You can always load a weights of the trained model from previous step and continue training it from that state.

model = models.get(...., checkpoint_path=<ABSOLUTE_PATH_TO_CHECKPOINT_FROM_PREVIOUS_TRAINING>)

Or via cmd-line if you are using YAML recipes: python -m super_gradients.train_from_recipe --config-name=YOUR_RECIPES checkpoint_params.checkpoint_path=<ABSOLUTE_PATH_TO_CHECKPOINT_FROM_PREVIOUS_TRAINING>

rvryan67 commented 8 months ago

Hi @BloodAxe

Thanks for the suggestion. Is this what you mean?

model = models.get("yolo_nas_l", num_classes=2, checkpoint_path=r"custommodel/ckpt_best.pth").cuda()

trainer.train(model=model, training_params=train_params, train_loader=train_data, valid_loader=val_data)

BloodAxe commented 8 months ago

Exactly

rvryan67 commented 8 months ago

The re-trained custom model is not giving me the results I expect

The original custom model predicts correctly, i.e it identifies an object with 0.9 confidence.

However, when I run the same prediction on the re-trained custom model I don't get any prediction.

I wonder am I missing something from my training_params

` train_params = {

ENABLING SILENT MODE

'silent_mode': False,
"average_best_models":True,
"warmup_mode": "linear_epoch_step",
"warmup_initial_lr": 1e-6,
"lr_warmup_epochs": 3,
"initial_lr": 5e-4,
"lr_mode": "cosine",
"cosine_final_lr_ratio": 0.1,
"optimizer": "Adam",
"optimizer_params": {"weight_decay": 0.0001},
"zero_weight_decay_on_bias_and_bn": True,
"ema": True,
"ema_params": {"decay": 0.9, "decay_type": "threshold"},

"max_epochs": EPOCHS,
"mixed_precision": True,
"loss": PPYoloELoss(
    use_static_assigner=False,
    # NOTE: num_classes needs to be defined here
    num_classes=len(dataset_params['classes']),
    reg_max=16
),
"valid_metrics_list": [
    DetectionMetrics_050(
        score_thres=0.1,
        top_k_predictions=300,
        # NOTE: num_classes needs to be defined here
        num_cls=len(dataset_params['classes']),
        normalize_targets=True,
        post_prediction_callback=PPYoloEPostPredictionCallback(
            score_threshold=0.01,
            nms_top_k=1000,
            max_predictions=300,
            nms_threshold=0.7
        )
    )
],
"metric_to_watch": 'mAP@0.50'

}

`

BloodAxe commented 8 months ago

The provided snippet is not enough to help. Please show the rest of code including a data loader's preparation (before and after you add more data) and tensorboard plots for regular training and with additional data

rvryan67 commented 8 months ago

I'm using an AWS Sagemaker Training job to train the model.

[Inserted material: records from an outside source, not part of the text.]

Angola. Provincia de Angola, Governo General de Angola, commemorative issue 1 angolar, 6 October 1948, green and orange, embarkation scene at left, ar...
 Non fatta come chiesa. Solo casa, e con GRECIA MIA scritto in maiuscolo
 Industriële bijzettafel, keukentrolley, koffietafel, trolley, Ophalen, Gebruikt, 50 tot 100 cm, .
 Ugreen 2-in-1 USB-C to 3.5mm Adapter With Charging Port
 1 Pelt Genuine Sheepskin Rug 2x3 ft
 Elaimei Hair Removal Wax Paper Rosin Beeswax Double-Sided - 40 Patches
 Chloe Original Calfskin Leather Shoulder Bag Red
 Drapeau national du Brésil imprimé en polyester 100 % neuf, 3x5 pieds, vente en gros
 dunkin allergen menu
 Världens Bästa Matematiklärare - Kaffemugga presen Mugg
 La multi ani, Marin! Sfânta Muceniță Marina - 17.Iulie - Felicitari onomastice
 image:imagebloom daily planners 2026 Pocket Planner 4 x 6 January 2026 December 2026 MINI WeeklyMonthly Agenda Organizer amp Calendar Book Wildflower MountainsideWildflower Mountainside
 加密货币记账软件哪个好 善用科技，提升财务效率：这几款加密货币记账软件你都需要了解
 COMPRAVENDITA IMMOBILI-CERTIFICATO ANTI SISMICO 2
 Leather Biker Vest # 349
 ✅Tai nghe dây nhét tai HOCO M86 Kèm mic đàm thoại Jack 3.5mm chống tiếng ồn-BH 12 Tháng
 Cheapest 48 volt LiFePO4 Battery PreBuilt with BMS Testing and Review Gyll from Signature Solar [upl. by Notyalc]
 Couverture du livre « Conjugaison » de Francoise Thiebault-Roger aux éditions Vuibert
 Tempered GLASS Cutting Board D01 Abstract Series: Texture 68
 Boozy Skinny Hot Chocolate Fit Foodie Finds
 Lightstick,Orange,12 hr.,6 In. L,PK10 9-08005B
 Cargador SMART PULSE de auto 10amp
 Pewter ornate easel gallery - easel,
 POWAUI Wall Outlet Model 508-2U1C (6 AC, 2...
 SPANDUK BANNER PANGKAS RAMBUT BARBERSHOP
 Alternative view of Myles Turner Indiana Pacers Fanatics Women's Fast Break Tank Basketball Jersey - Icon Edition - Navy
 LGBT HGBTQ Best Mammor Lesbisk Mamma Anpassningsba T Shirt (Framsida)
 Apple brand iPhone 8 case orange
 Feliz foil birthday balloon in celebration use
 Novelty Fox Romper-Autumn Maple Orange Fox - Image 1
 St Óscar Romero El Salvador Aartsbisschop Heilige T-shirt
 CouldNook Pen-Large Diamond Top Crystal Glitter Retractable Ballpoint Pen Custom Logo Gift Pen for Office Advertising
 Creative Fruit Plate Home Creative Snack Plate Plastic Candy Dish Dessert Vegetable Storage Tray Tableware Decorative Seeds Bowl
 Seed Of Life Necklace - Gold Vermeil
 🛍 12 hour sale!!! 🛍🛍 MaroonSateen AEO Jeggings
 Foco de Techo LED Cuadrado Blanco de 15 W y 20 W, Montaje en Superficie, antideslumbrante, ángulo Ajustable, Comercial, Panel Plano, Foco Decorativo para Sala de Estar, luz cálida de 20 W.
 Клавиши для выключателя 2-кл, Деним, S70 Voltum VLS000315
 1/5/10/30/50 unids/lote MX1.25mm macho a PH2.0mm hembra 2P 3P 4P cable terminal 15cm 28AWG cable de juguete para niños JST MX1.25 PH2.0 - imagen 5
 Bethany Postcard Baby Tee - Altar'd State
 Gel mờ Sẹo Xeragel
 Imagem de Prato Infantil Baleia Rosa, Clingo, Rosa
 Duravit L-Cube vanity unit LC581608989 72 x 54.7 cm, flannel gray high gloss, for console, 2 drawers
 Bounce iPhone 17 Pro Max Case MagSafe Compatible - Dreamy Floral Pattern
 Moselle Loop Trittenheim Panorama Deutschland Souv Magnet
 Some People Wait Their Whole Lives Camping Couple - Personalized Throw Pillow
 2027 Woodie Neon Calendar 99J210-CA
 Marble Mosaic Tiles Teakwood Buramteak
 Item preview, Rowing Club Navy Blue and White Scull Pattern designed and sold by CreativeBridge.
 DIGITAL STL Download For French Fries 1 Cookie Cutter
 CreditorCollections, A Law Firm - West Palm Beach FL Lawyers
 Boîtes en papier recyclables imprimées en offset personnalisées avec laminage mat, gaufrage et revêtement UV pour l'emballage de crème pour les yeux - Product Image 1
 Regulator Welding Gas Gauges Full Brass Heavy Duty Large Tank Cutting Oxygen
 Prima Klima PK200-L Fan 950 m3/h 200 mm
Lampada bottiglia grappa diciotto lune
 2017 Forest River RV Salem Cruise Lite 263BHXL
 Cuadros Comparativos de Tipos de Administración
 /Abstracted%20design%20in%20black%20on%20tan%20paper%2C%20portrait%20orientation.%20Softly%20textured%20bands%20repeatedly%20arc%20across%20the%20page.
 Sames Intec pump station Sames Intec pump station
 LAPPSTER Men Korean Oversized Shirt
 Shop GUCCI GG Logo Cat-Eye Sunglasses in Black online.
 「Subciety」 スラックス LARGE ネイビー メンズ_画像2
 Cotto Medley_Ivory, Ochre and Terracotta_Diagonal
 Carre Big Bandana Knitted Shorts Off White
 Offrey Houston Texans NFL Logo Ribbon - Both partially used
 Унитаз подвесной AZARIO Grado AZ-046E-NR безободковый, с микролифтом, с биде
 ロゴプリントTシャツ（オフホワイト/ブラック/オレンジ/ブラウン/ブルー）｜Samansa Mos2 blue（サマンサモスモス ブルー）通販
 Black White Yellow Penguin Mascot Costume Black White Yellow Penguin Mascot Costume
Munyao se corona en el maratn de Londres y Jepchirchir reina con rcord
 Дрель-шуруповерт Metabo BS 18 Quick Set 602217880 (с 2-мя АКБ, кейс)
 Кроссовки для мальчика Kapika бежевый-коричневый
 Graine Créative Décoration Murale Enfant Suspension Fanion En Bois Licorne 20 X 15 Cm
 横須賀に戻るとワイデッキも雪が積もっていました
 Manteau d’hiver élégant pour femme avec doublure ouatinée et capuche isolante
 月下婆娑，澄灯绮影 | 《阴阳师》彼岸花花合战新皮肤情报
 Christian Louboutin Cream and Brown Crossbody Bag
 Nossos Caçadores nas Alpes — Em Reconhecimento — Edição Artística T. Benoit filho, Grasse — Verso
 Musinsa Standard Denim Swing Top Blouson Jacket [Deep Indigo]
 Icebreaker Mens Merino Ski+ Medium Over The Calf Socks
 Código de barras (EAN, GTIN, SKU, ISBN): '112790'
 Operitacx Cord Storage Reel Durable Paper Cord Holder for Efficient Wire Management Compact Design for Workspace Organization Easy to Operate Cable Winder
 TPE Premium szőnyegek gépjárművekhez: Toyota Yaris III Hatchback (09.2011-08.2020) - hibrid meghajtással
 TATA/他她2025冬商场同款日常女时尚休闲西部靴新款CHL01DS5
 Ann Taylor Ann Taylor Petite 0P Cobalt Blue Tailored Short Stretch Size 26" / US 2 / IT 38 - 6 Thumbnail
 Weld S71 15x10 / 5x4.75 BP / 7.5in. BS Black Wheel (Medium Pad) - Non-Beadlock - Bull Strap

Here is the code I use to create the Training Job

from sagemaker.estimator import Estimator from sagemaker.pytorch import PyTorch from sagemaker.session import TrainingInput

train_input = TrainingInput(dataset_s3_uri)

estimator = PyTorch( entry_point="train.py", role=role, source_dir="./yolo-nas-model-scripts", instance_count=1, instance_type='ml.g4dn.12xlarge', framework_version="1.13.1", py_version="py39", sagemaker_session=sagemaker_session, input_mode='File', # FastFile causes a issue with writing label cache output_path=dataset_s3_uri+'/output', )

estimator.fit(train_input, job_name=job_name)

train.py attached, renamed to train.txt train.txt

rvryan67 commented 8 months ago

@BloodAxe

Is there a way to incrementally add a small amount of additional training data and re-run training without it taking 12 hours to complete?

My original question quoted above ^^

I have seen in the following discussion: https://github.com/ultralytics/ultralytics/issues/4554#issuecomment-1695218721

Currently, YOLOv8 does not have a feature for incremental learning

Is the same true of YOLO-NAS?

BloodAxe commented 8 months ago

So what you are looking for is continual learning. A technique which allow to train a model on a few data samples without forgetting the existing knowledge.

Unfortunately at the moment we don't supoort this.